I read some good posts, in particular the sticky: Quick primer on identifying bot activity
My "useless" traffic has increased ten fold and needs to be reigned in... and I am wondering how to get rid of the bandwidth thieves.
I still use ASP and was wondering on how to logically / structurally tackle this problem. E.g where do I let any filters /loggers do their work? What to log?
On an IIS server I have global.asa, then 404 and 500 handling.
I saw some silly form posting attempts and just implemented encrypted time stamps, and a CSS-hidden field. There is separate logging of 500 and 404 events. The "logging" becomes a mess, being in different places, and at some stage I can't tell when what code kicks in. (programming is not my profession)
Is there a best practice design or approach to catch the non-sense?
1. check incoming IP against blocked IPs, if on deny
2. check if URL contained characters not used on website; e.g. percent sign in URL trigger "put on IP block list"
3. if form is posted with expired token > onto block list
4. if form has honey pot filled in > block list
Reading that UAs change or can be anything, is there value of checking them? Why? What for?
FORWARD-X being captured, and reverse DNS look-ups being done, when?
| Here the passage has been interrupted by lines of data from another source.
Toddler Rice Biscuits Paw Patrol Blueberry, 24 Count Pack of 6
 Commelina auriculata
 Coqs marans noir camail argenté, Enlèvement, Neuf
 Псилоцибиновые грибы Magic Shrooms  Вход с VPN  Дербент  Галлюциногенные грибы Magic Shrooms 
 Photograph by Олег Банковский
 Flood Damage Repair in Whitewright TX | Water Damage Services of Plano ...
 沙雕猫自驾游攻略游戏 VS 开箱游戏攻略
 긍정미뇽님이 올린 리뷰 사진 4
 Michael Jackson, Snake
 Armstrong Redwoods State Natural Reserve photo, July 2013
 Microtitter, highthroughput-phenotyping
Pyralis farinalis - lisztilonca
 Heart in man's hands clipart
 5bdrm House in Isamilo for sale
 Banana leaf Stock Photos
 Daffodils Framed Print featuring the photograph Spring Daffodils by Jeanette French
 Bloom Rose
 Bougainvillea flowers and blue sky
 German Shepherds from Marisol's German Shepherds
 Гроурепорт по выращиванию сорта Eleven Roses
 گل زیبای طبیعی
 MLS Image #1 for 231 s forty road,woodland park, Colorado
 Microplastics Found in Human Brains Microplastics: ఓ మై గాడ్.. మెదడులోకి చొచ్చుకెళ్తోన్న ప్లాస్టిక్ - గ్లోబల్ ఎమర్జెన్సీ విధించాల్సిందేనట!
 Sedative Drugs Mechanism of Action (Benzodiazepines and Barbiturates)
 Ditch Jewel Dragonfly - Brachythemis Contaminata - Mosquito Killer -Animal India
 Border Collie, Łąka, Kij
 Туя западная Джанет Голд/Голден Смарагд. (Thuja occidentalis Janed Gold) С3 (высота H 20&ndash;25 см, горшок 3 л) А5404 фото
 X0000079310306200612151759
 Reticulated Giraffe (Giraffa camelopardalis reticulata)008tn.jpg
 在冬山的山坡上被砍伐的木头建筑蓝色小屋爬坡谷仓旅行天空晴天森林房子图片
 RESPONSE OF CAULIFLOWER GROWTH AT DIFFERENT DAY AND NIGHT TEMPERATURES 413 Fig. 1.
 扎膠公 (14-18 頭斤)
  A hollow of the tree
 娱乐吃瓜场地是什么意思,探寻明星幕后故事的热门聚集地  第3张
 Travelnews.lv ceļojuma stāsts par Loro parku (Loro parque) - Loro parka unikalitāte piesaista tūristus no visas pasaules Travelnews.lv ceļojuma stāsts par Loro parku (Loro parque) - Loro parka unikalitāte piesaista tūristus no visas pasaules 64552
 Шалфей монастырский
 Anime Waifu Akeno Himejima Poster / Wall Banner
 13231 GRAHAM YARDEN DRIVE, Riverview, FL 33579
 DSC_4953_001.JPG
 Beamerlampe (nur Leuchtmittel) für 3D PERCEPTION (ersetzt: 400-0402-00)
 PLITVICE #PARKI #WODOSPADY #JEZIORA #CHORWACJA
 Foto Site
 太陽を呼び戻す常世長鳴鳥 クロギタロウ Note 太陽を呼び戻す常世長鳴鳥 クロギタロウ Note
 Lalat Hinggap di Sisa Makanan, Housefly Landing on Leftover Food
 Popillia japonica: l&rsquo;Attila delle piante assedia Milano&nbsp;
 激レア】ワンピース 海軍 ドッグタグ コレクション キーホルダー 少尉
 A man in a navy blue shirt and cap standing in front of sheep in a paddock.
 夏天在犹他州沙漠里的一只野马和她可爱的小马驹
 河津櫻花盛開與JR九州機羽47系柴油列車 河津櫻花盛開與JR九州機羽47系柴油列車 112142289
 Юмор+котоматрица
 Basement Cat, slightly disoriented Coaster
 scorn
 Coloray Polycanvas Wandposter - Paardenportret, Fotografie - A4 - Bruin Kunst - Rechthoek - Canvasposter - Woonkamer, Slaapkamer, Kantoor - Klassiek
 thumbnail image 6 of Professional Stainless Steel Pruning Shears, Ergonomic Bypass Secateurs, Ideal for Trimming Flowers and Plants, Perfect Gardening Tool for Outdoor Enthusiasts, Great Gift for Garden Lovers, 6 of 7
What triggers them? and what info to store about it?
Are these sensible questions to ask, or would the answer give too much away?
The more I read, the less I know, and the more daunting the task :(
And there are Anti-hot-linking mechanisms, etc. needing to be included as well?!
Any hint or pointers to literature appreciated, on how to build successful anti-bot anti-nonsense solutions.
Or what method in which order and at which location need to be employed to build such a solution?